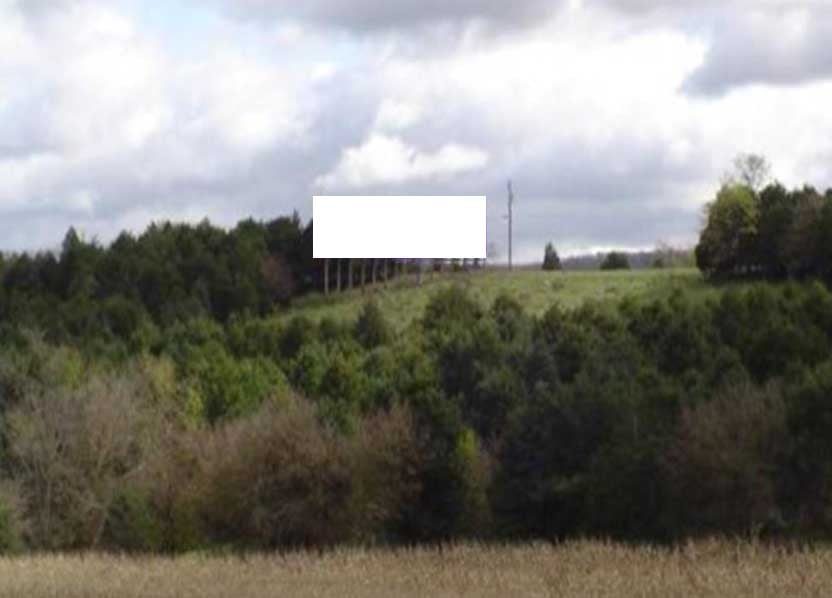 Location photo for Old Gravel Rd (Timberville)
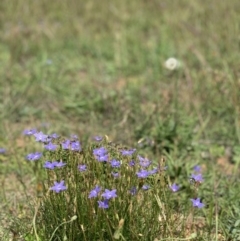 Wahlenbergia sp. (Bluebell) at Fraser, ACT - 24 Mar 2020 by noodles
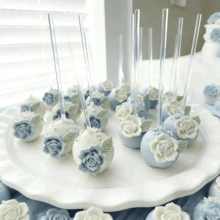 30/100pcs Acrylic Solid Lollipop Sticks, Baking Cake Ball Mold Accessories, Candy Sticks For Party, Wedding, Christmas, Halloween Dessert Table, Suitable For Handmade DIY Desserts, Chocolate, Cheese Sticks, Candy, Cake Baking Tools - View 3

-=-=-=-=-

(What to work on): Give every line above again exactly, with no pictures.

(Exercise response):
 Location photo for Old Gravel Rd (Timberville)
 Wahlenbergia sp. (Bluebell) at Fraser, ACT - 24 Mar 2020 by noodles
 30/100pcs Acrylic Solid Lollipop Sticks, Baking Cake Ball Mold Accessories, Candy Sticks For Party, Wedding, Christmas, Halloween Dessert Table, Suitable For Handmade DIY Desserts, Chocolate, Cheese Sticks, Candy, Cake Baking Tools - View 3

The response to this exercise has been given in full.